*Data block*.
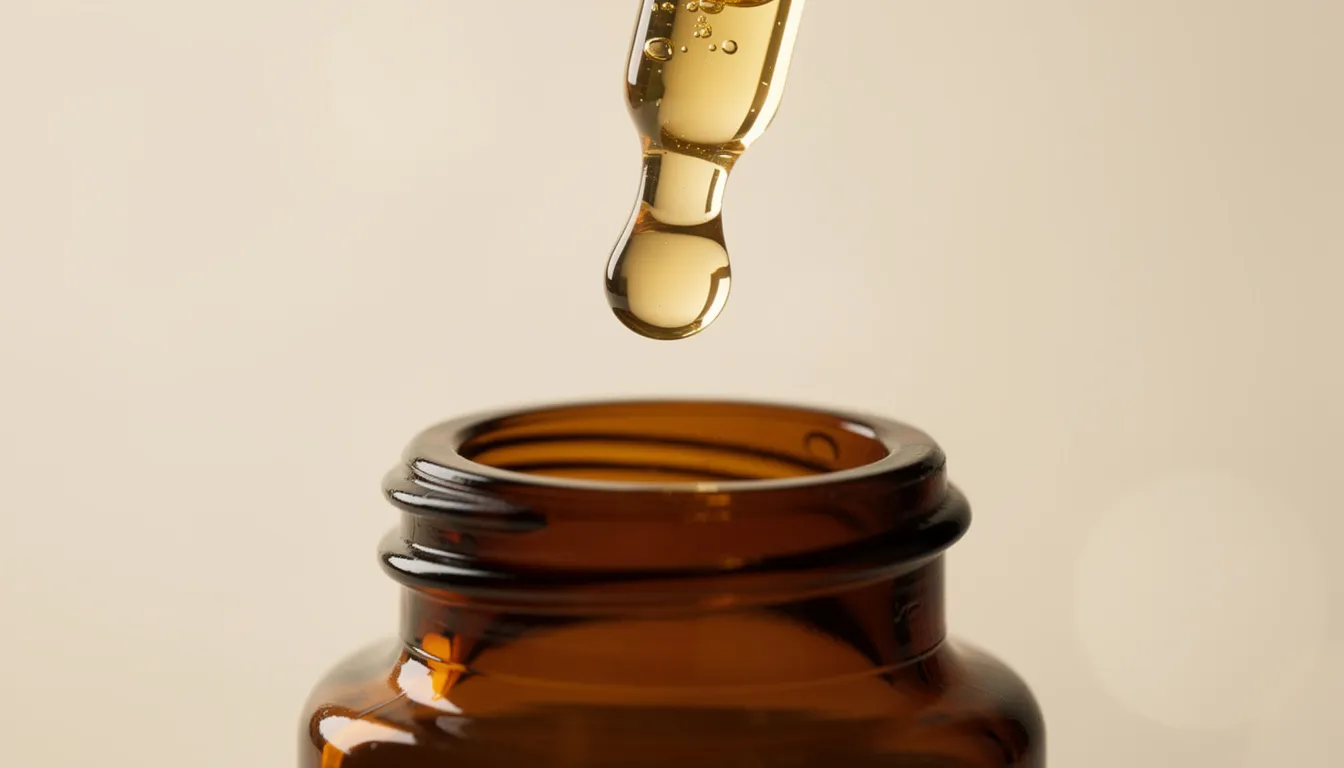 A close-up image depicts a glass dropper releasing a golden serum into a bottle, highlighting the importance of peptides for anti-aging and skin health. This serum, rich in amino acids, is designed to stimulate collagen production and enhance skin elasticity, contributing to improved skin firmness and hydration.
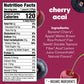 Noka Superfood Fruit Smoothie Pouches, Cherry Acai, Healthy Snacks with Flax Seed, Plant Protein and Prebiotic Fiber, Vegan and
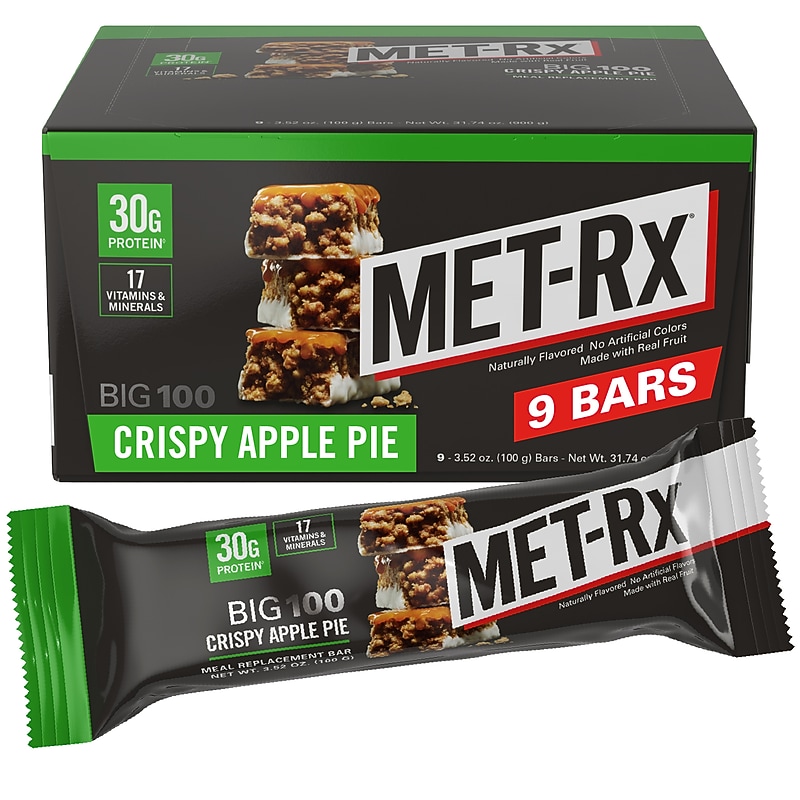 MET-Rx Big 100 Gluten Free Crispy Apple Pie Protein Bar, 3.52 oz., 9 Bars/Box (NRN55728) image 1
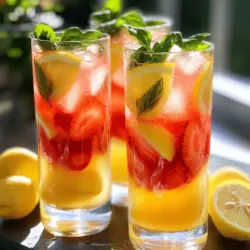- 1 cup fresh strawberries - 1/4 cup fresh basil leaves - 1/2 cup freshly squeezed lemon juice - 1/2 cup honey or agave syrup - 4 cups cold water - Ice cubes - Garnishes for serving: Lemon slices and basil sprigs The main ingredients for your Strawberry Basil Lemonade are fresh and vibrant. Strawberries bring a sweet taste and bright color. Basil adds a twist of herbal flavor that pairs well with the berries. Lemon juice gives the drink a tangy kick, making it refreshing. Honey or agave syrup sweetens the mix, balancing the tartness of the lemon. Cold water rounds everything out, making it a cool drink for hot days. - Sparkling water for fizz - Additional sweeteners: sugar, maple syrup - Fruit variations: raspberries, blueberries You can add more flavors to your lemonade. If you want fizz, try using sparkling water instead of still water. You can also adjust sweetness with sugar or maple syrup. If you love berries, mix in raspberries or blueberries for extra taste and color. These options make your drink unique and fun! For the full recipe, click here. To start, place your sliced strawberries and fresh basil leaves in a blender. Blend them together until you get a smooth puree. This step creates a fresh and vibrant flavor base for your drink. Make sure there are no lumps left in the mixture. A smooth consistency helps the flavors mix better later. Next, grab a large pitcher. In it, combine your freshly squeezed lemon juice with honey or agave syrup. Stir well until the sweetener fully dissolves. This step is key because you want a balanced sweetness. You can adjust the sweetness to your taste if needed. Now it’s time for the fun part! Add the strawberry-basil puree to the lemon juice mixture. Stir everything together until it’s well combined. Pour in the cold water and mix again. Taste your lemonade and adjust the sweetness if you like. Chill it in the fridge for at least 30 minutes. This allows all the flavors to meld beautifully. Serve over ice cubes in tall glasses. Garnish with lemon slices and a sprig of basil for a refreshing finish. For the full recipe, check the details above. Use chilled ingredients for the best taste. Cold strawberries, basil, and water make the drink fresh. You can also try different sweeteners. Honey and agave syrup work well, but you can experiment. Some people like it sweeter, while others prefer it less sweet. Get creative with your garnishes! Lemon slices and basil sprigs look great. You can also add strawberries on the rim of the glass. Use tall glasses for a fun look. This drink is perfect for summer parties or picnics. To avoid a pulpy texture, blend the strawberries and basil until smooth. This step is key for a refreshing drink. Always taste your lemonade before serving. If it feels too thick, add more cold water. Keeping it fresh is also important. Store any leftovers in the fridge and drink within two days for the best flavor. {{image_2}} You can mix this drink up with other berries. Raspberries and blueberries pair well with strawberries. They add a nice twist and extra flavor. You can also add citrus notes. A splash of lime or orange juice gives a bright touch. Try a mix of all these fruits for a colorful drink! If you want to switch it up, use mint instead of basil. Mint adds a cool flavor that feels refreshing. You can also try other herbs. Rosemary or thyme can bring a unique taste. Just make sure to use them sparingly, as they can be strong. Not everyone loves sugar, so explore sugar-free options. You can use stevia or monk fruit as substitutes. These sweeteners work well without adding calories. Another great choice is local honey. It pairs perfectly with the fruit flavors and adds a nice depth. Flavored syrups like vanilla or lavender can also add a fun twist. For the complete recipe, check out the [Full Recipe]. To keep your strawberry basil lemonade fresh, use a glass pitcher. Glass helps maintain flavor and prevents chemical reactions. Store the lemonade in the refrigerator. It stays good for up to three days. If you notice bubbles, it may be time to toss it. You can freeze lemonade for later use. Pour it into ice cube trays or freezer-safe bags. This method is great for making slushies. When you want to drink it, let it thaw in the fridge overnight. You can also run warm water over the bags. This way, you won't lose the flavor. Check for bad smells or off-tastes. If the lemonade tastes sour or strange, don’t drink it. Also, look for changes in color. A dull look may mean it's past its prime. To reduce waste, try making smaller batches next time. That way, you enjoy every sip! Yes, you can make this drink ahead of time. Store it in a pitcher with a lid. Keep it in the fridge for up to three days. For best taste, add ice just before serving. Each serving has about 130 calories. You’ll get 0 grams of fat and 33 grams of carbohydrates. It also has 1 gram of protein. This drink is a great source of vitamin C from the lemon juice. To make this drink vegan, use agave syrup instead of honey. You can also try maple syrup or coconut nectar. Both options add a nice sweetness without animal products. Yes! You can add sparkling water instead of still water. This gives your drink a nice fizz and makes it feel more festive. You can also use soda water for a fun twist. This blog explained how to make delicious Strawberry Basil Lemonade. You learned about the fresh and optional ingredients, along with steps to create a smooth puree and mix the perfect lemonade base. We also talked about enhancing flavors and creative presentation ideas. Remember to store your drink well and watch for signs of spoilage. Finally, feel free to experiment with variations to find your favorite blend. Enjoy this refreshing drink at your next gathering!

*Assignment*. Repeat, with no pictures, each line from the beginning of the data through the line containing "MET-Rx Big 100", inclusive.

*Your solution*.
 A close-up image depicts a glass dropper releasing a golden serum into a bottle, highlighting the importance of peptides for anti-aging and skin health. This serum, rich in amino acids, is designed to stimulate collagen production and enhance skin elasticity, contributing to improved skin firmness and hydration.
 Noka Superfood Fruit Smoothie Pouches, Cherry Acai, Healthy Snacks with Flax Seed, Plant Protein and Prebiotic Fiber, Vegan and
 MET-Rx Big 100 Gluten Free Crispy Apple Pie Protein Bar, 3.52 oz., 9 Bars/Box (NRN55728) image 1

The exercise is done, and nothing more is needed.